Posts Tagged ‘grandparents’

I started my 21.5.800 time this morning with yoga — and let the savasana try to quiet me and guide me to wherever it wanted to take me today. My thoughts throughout my yoga practice were of loss and grief and closure. I started thinking the words in my head that I wanted to put down here… words that were about how we shouldn’t be sorry when our loved ones die. Words about how it’s nice to hear a friend say, “I’m sorry for your loss” after three and a half years because the loss is always there. Words about healing and moving on and happiness. But, when you quiet your mind through meditation or prayer or savasana, you can never be quite sure of where it will take you…

I’ve talked often here about the time I spent with my grandparents in southeast Missouri. The summers of gardening and hiking and exploring and hanging out with relatives that were… well, much older than I. Even as a young adult, I made the choice to visit my grandparents often. There house always comforted me (except the creepy basement at night — maybe more on that later.)
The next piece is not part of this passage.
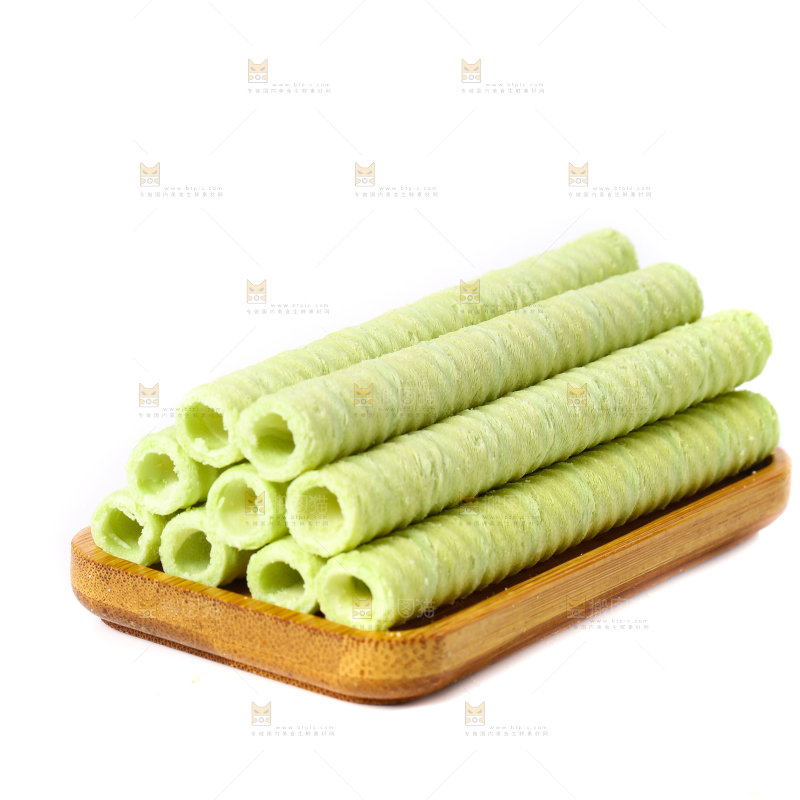 盘子里放着抹茶卷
When I left home after high school, I settled on a college in Memphis — the thrill of being in a big city was incredibly enticing to me. I soon discovered that the drive to my grandparents house from Memphis was two hours shorter than the drive home — I choose the shorter drive and the doting grandparents quite often when I needed a weekend away from bars and fraternity parties and college life. The weekends I spent with them as a college student very much resembled the endless summers I spent there as a child — with the ever-present reminder that my grandparents were older. My grandfather’s health had suffered greatly as a result of being a smoker — he no longer could work in the garden or the yard and trips to the grocery store were limited. My grandmothers health suffered too from being around a smoker her entire adult life. But still, those weekend visits were memorable.

I would pile all my dirty clothes in a laundry basket and head out of my dorm with a full tank of gas and nothing else. I usually always surprised my grandparents with my visits — I knew if I told them I was coming, they would spend three hours pacing and worrying until I arrived. And there was always something so magical about walking through the door and seeing the look on their faces. I helped cook and I rested and I quieted my mind and my spirit. And when I left, a mere 48 hours later, I was better and focused and rejuvenated.
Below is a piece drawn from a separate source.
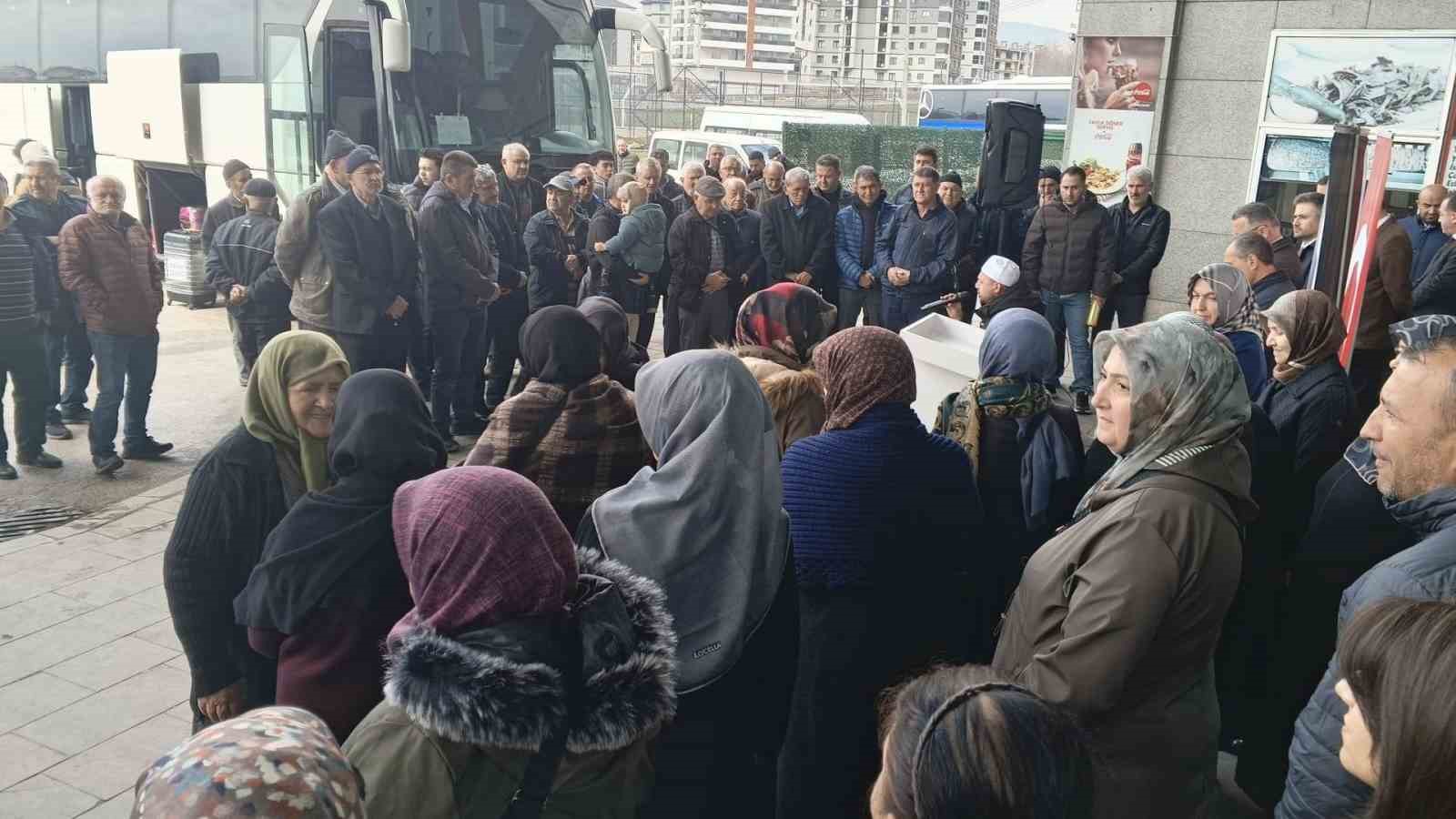 Bolu’da Şevval umresi için 25 kişilik kafile dualarla uğurlandı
The night before I returned to school, my grandmother and I would always make a cake. Usually my favorite, Red Velvet. As you can imagine, my grandmother never used a box to cook in her life — everything, from scratch. (I made her write that recipe down — I have it still.) When I would leave their house, my grandmother would wrap that cake up tightly and place it in the floorboard of my front seat. My grandfather would tape a large piece of paper to my back driver side window that read, “In case of emergency please call…, this is my granddaughter”. And finally, after I loaded all my, now cleaned and pressed, clothes into the backseat, my grandmother would slyly slip a $20 bill into my hand — and I would leave, until the next surprise visit.

Savasana can take you to some very interesting places. It can quiet your mind just enough to smell the fresh laundry hanging outside in your grandparents back yard, or it can fool your mind into thinking you taste the fluffy pink frosting that topped the Red Velvet cake, or it can make you think you’re smelling your grandmother’s perfume mixed with the faint smell of a pipe.

What we have in life is our memories. What we have in life is the lasting thought of a perfect cake or a handwritten note taped to the window. What we have in life is each other and promise and hope and the possibility that new memories are always forming. What I have, is the recipe for the perfect Red Velvet cake, a cake that never lasted more than 30 minutes once I reached my dorm and my awaiting friends. I don’t eat Red Velvet cake now — it’s just not the same. But I remember the taste… and those letters taped to my window.